No es extraño que muchos de los ejemplos que podrían ilustrar cada una de estas líneas sean protagonizados por los fastuosos miembros del poder político. Si bien, a lo largo de nuestra historia contemporánea hemos escuchado frases y discursos de triste memoria, lo que sucede actualmente se encuentra en el límite de lo racional y se ha convertido en la puerta de la barbarie que se combate con “abrazos”. A pesar de que no hay día en el que escuchemos más de un despropósito, hay pronunciamientos que no deberían ser considerados como una simple ocurrencia.

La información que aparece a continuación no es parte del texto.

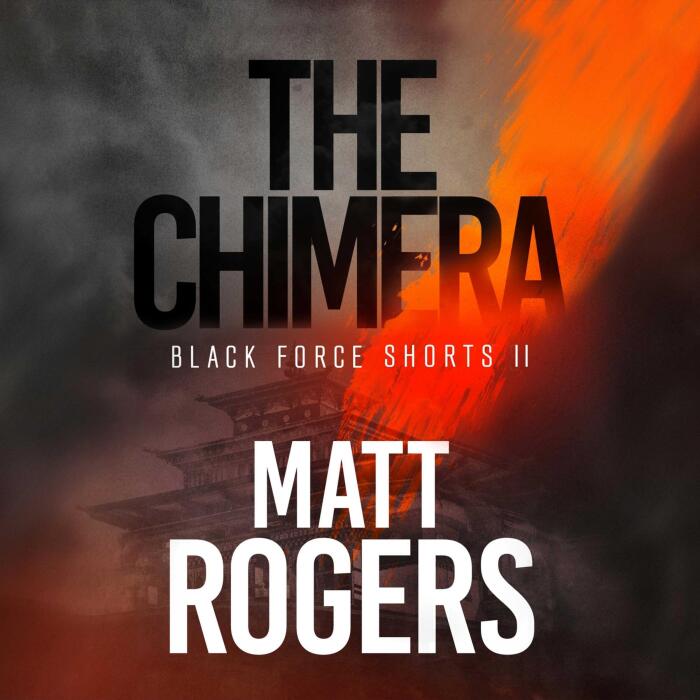 The Chimera Volume 2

Por ejemplo, ¿recuerdan aquello de que la pandemia llegó como “anillo al dedo para afianzar el propósito de la transformación” o la presidenta municipal de Acapulco al tratar explicar que, entre los factores que provocan la violencia que se sufría en el puerto, se encuentran “la calor” y “si comen más carbohidratos”? La lista de ejemplos que podríamos desarrollar, durante el presente sexenio, puede ser tan grande como el tamaño del cinismo de sus adalides.
Sin embargo, insisto, hay algunas otras que pueden subrayarse y grabarse con el fuego de lo vergonzoso, porque son aquellas que se clavan como aguijones en medio del dolor y la desgracia. Que no se olviden las palabras del gobernador de Sinaloa, Rubén Rocha Moya, que al ser cuestionado acerca de las más de 50 personas que fueron secuestradas durante la mañana del viernes en Culiacán, tuvo a bien decirle a la población que “no tengan miedo. Son cosas que lamentablemente ocurren, que hay autoridad”. Sí, con esa delicadeza, asertividad y “humanismo” que se ha convertido en el estilo de la Cuarta Transformación.
Y, si faltara otro ejemplo, que llegue a nuestra mesa el de Cuitláhuac García, gobernador de Veracruz, quien, ante la violencia y la barbarie que reina en su estado, plantea el reduccionismo que tanto le ha funcionado a este gobierno para resignificar sus fracasos: “Aunque a nuestros adversarios neoliberales y conservadores, les revuelva el estómago del coraje, en Veracruz, se demostró que la estrategia de abrazos, no balazos, funciona…”. Pero, ¿qué funciona?
Y esto sin mencionar al corifeo de sicofantes oficialistas que no sólo atacó y denigró a Cecilia Flores, sino que descalificó el trabajo de las nombradas Madres buscadoras que, por cierto, no han sido escuchadas.
Claro, en esto radica el problema, creer que son simples palabras y ocurrencias de quienes actúan desde el poder, sin observar que son apenas ejemplos de lo que define el presente de nuestro país en la inseguridad, la desgracia y la muerte que sólo vale una lámina de estadísticas. Y, claro, quizá sea la muestra del cinismo que imperará en el futuro y mantener su costo será muy elevado —en todos los sentidos—. No sólo es una retórica perniciosa, son avisos del espejismo que se sigue construyendo bajo la sombra de la perversidad.